Brief: Down to the final line, write out the material beneath exactly, without pictures.

┌─ Data provided

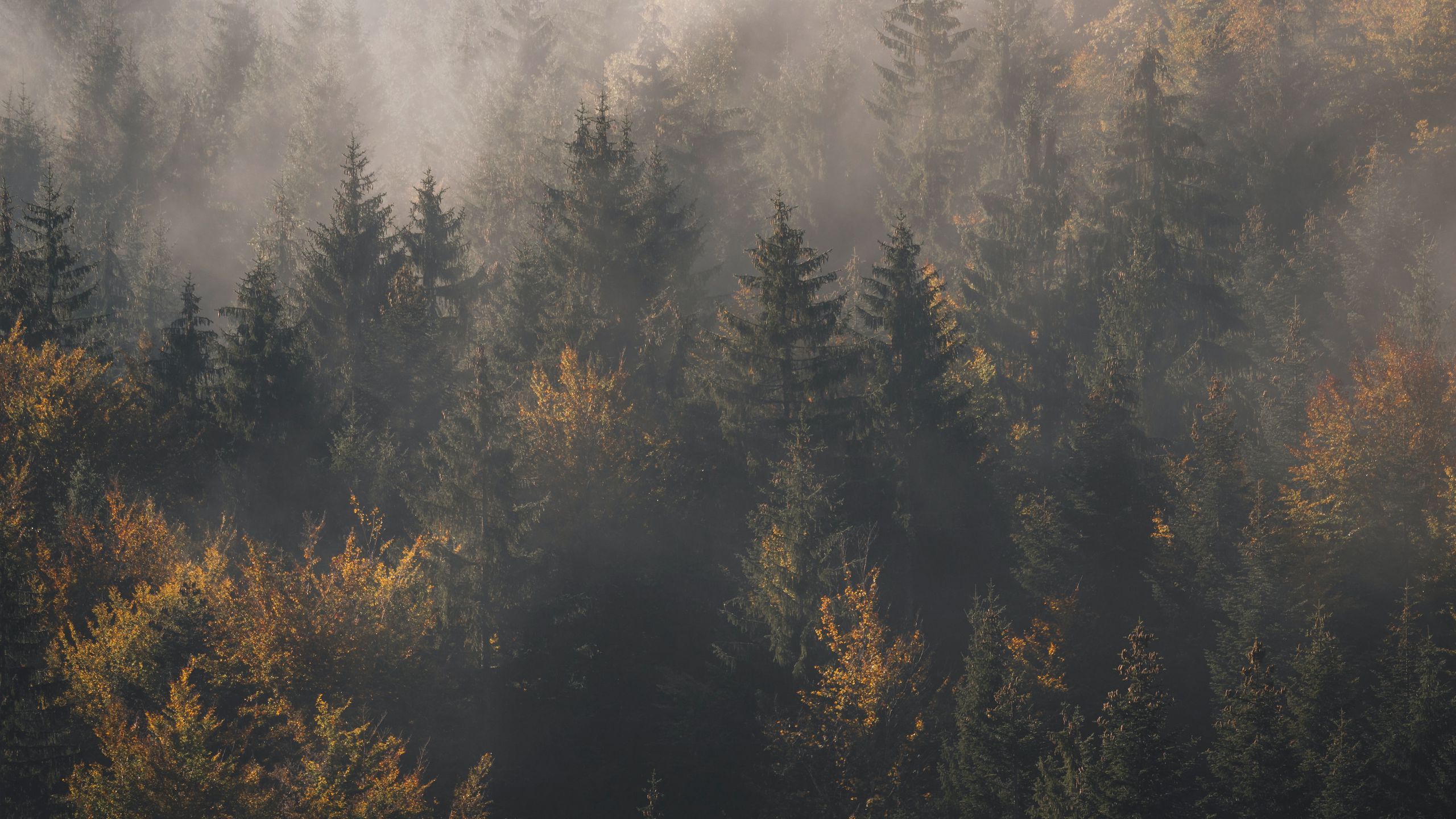 2560x1440 Download wallpaper 2560x1440 forest, fog, trees, pines, aerial view widescreen 16:9 HD background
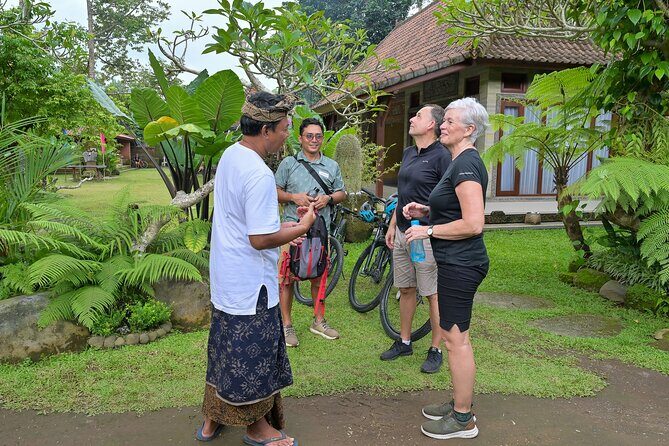 Cycling and Cooking Class in Ubud - The Sum Up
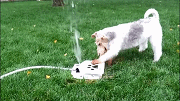 Funny pet toy fountain and waterer sprinkler for dog sten on, pet fresh cool water feeder drinker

└─

Solution to this problem:
 2560x1440 Download wallpaper 2560x1440 forest, fog, trees, pines, aerial view widescreen 16:9 HD background
 Cycling and Cooking Class in Ubud - The Sum Up
 Funny pet toy fountain and waterer sprinkler for dog sten on, pet fresh cool water feeder drinker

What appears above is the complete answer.